START INPUT DATA

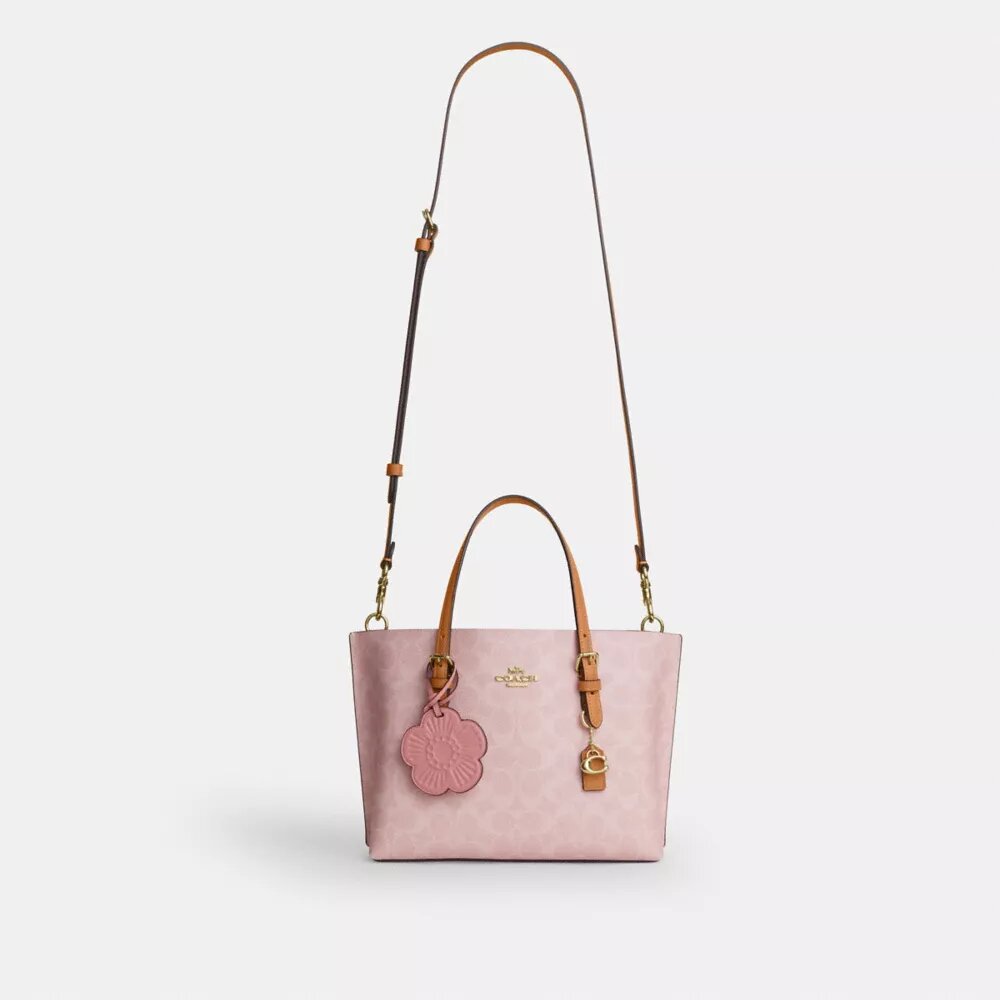 Torba Mollie Shopper 25 w Signature Canvas z Zawieszkami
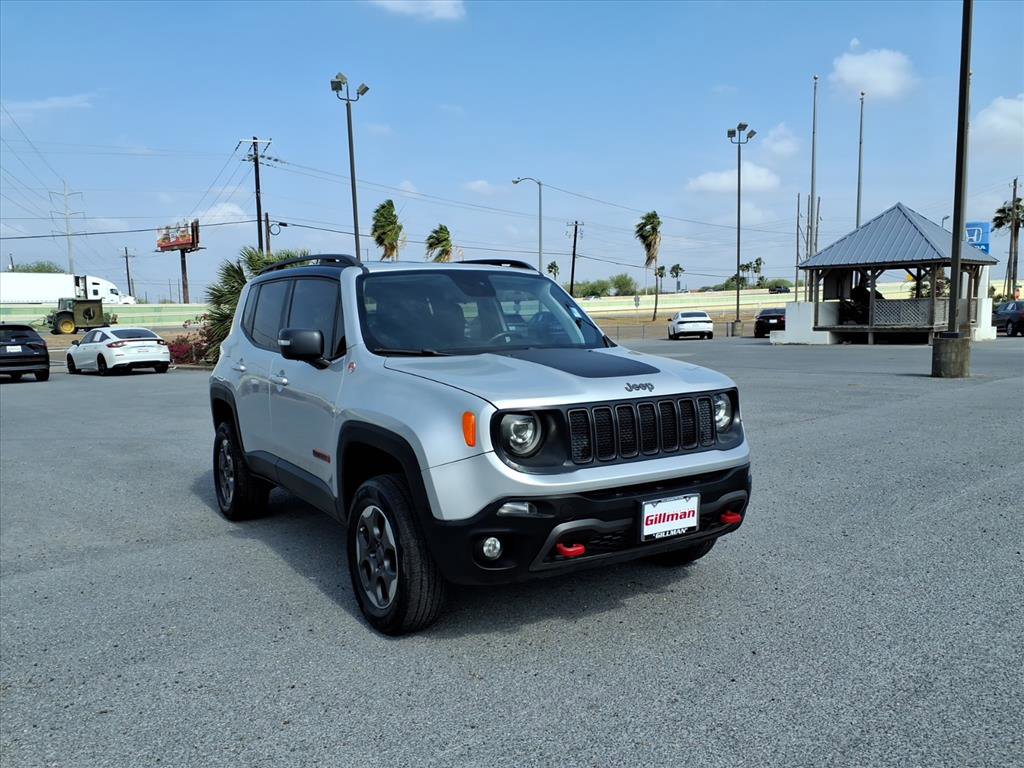 Used 2019 Jeep Renegade Trailhawk w/ Trailer Tow Group video 2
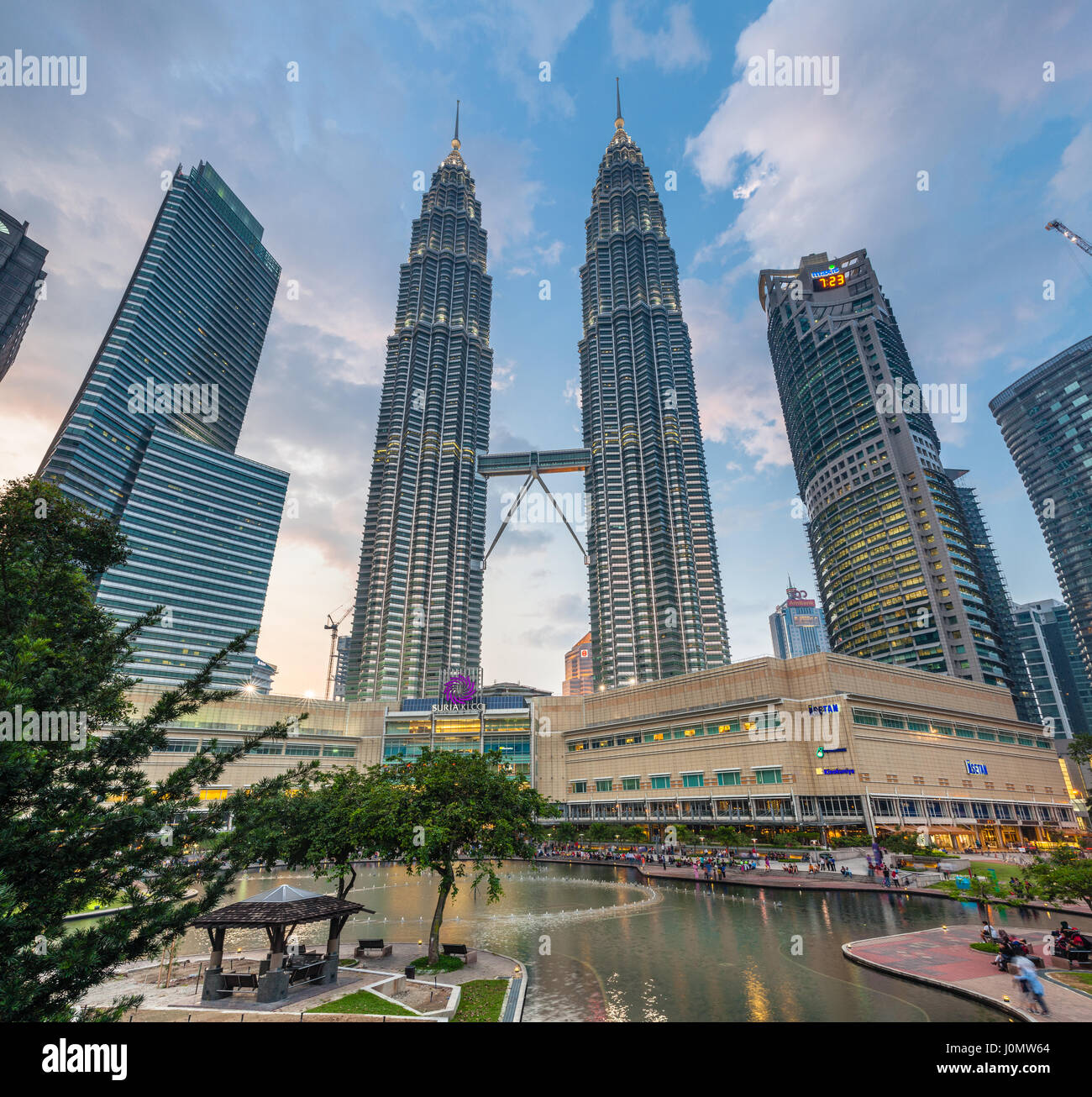 Kuala Lumpur, Malaysia - 14. März 2016: Petronas TwinTowers und Suria KLCC Shopping Mall bei Sonnenuntergang, Kuala Lumpur, Malaysia am 14. März 2016. Stockfoto
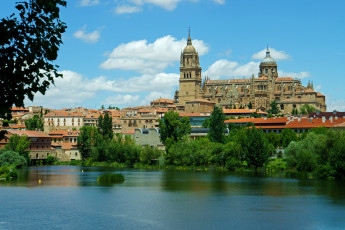 обоя испания саламанка, города, - улицы,  площади,  набережные, деревья, дома, испания, саламанка, река, дворец, salamanca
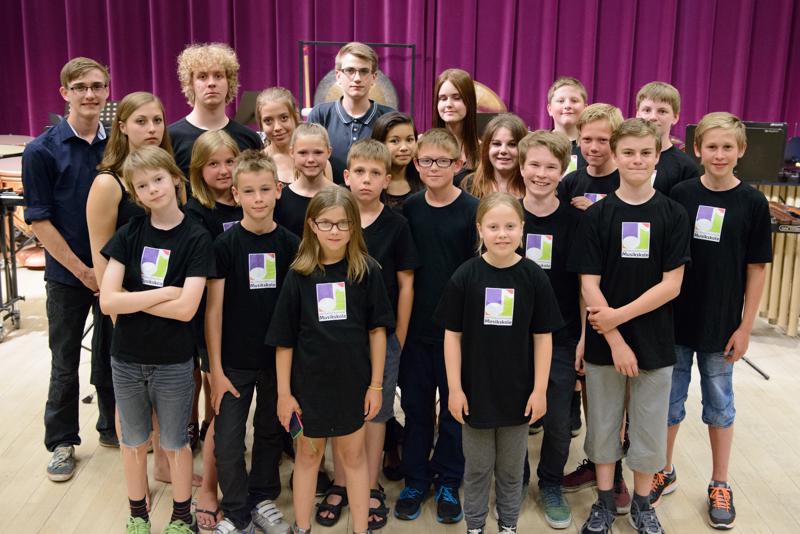  20140610_PB8_9669.JPG </br ><small> 2014-06-10 18:11</br >NIKON D800 + 24.0-70.0 mm f/2.8<br /> 35mm 1/100s f/4 ISO 4500</small>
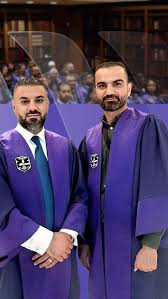 "دەستکەوتێکی بەرز: د. کامران و د. کاروان خوێندنیان تەواو کرد لە کۆلێژێکی بەناوبانگ!" 🌟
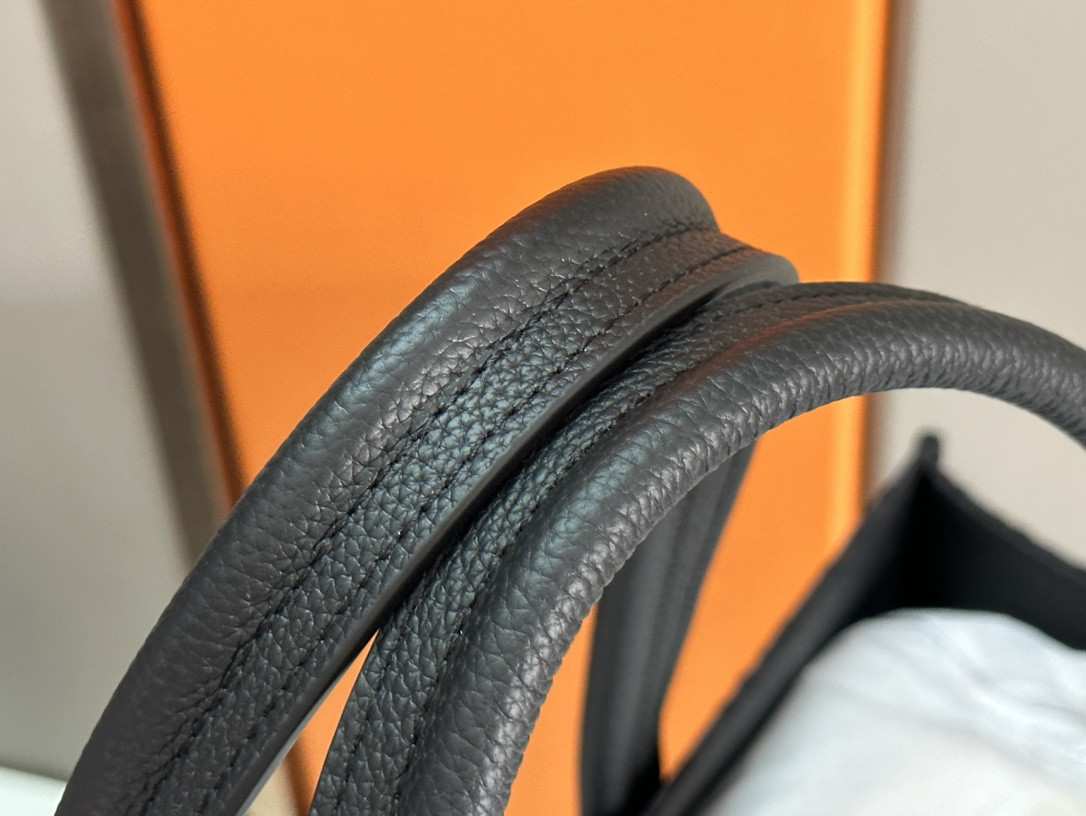 Dior Safari Tote Bag Black Dior Oblique Jacquard and Grained Calfskin 15.5 x 14 x 4.5 inches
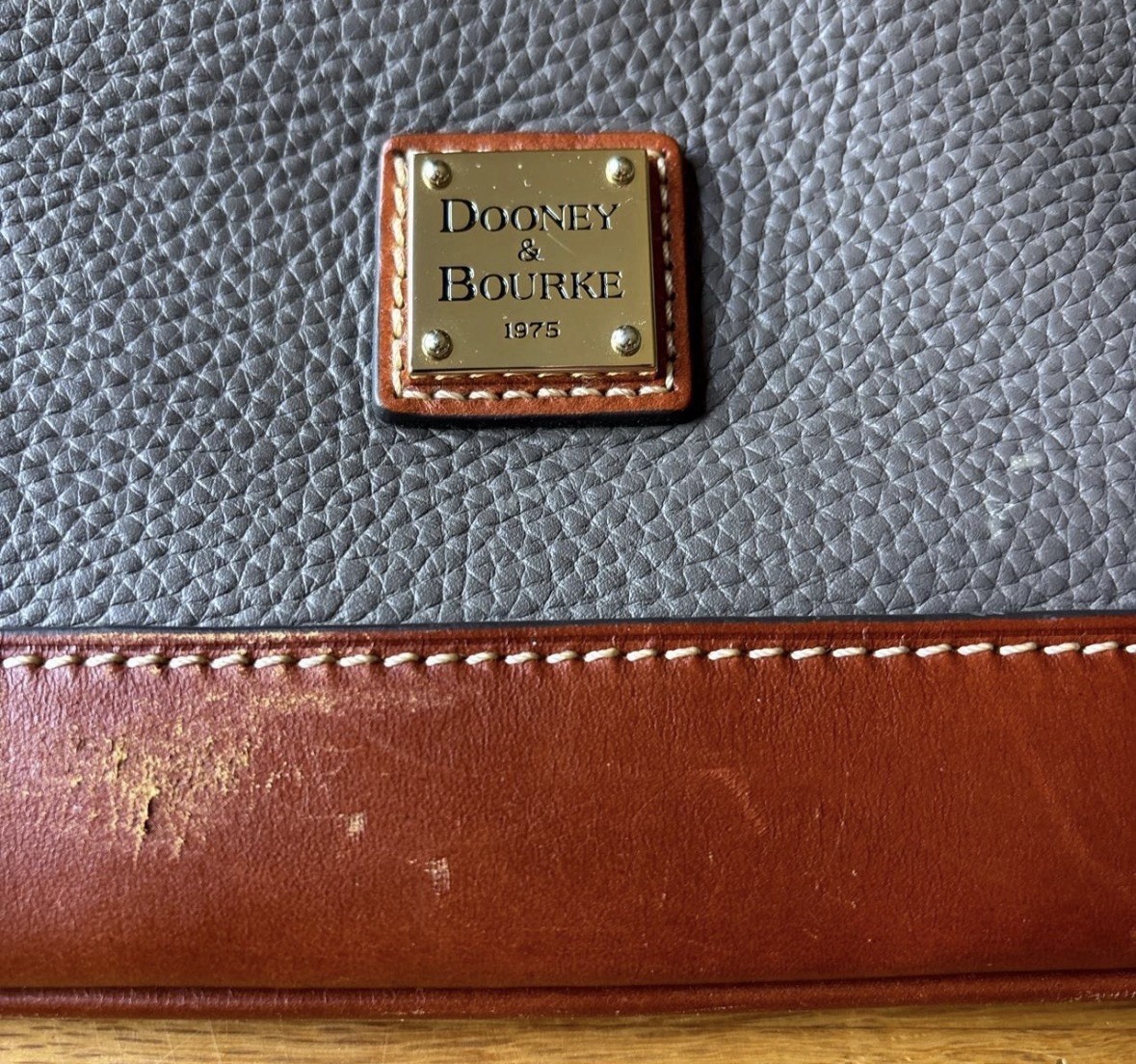 Dooney & Bourke Leather Hand Bag Gray Pebbled Domed Crossbody Quiet Luxury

END INPUT DATA

● EXERCISE
Leave out the images and write out the listing above exactly.

● TASK SOLUTION
 Torba Mollie Shopper 25 w Signature Canvas z Zawieszkami
 Used 2019 Jeep Renegade Trailhawk w/ Trailer Tow Group video 2
 Kuala Lumpur, Malaysia - 14. März 2016: Petronas TwinTowers und Suria KLCC Shopping Mall bei Sonnenuntergang, Kuala Lumpur, Malaysia am 14. März 2016. Stockfoto
 обоя испания саламанка, города, - улицы,  площади,  набережные, деревья, дома, испания, саламанка, река, дворец, salamanca
  20140610_PB8_9669.JPG </br ><small> 2014-06-10 18:11</br >NIKON D800 + 24.0-70.0 mm f/2.8<br /> 35mm 1/100s f/4 ISO 4500</small>
 "دەستکەوتێکی بەرز: د. کامران و د. کاروان خوێندنیان تەواو کرد لە کۆلێژێکی بەناوبانگ!" 🌟
 Dior Safari Tote Bag Black Dior Oblique Jacquard and Grained Calfskin 15.5 x 14 x 4.5 inches
 Dooney & Bourke Leather Hand Bag Gray Pebbled Domed Crossbody Quiet Luxury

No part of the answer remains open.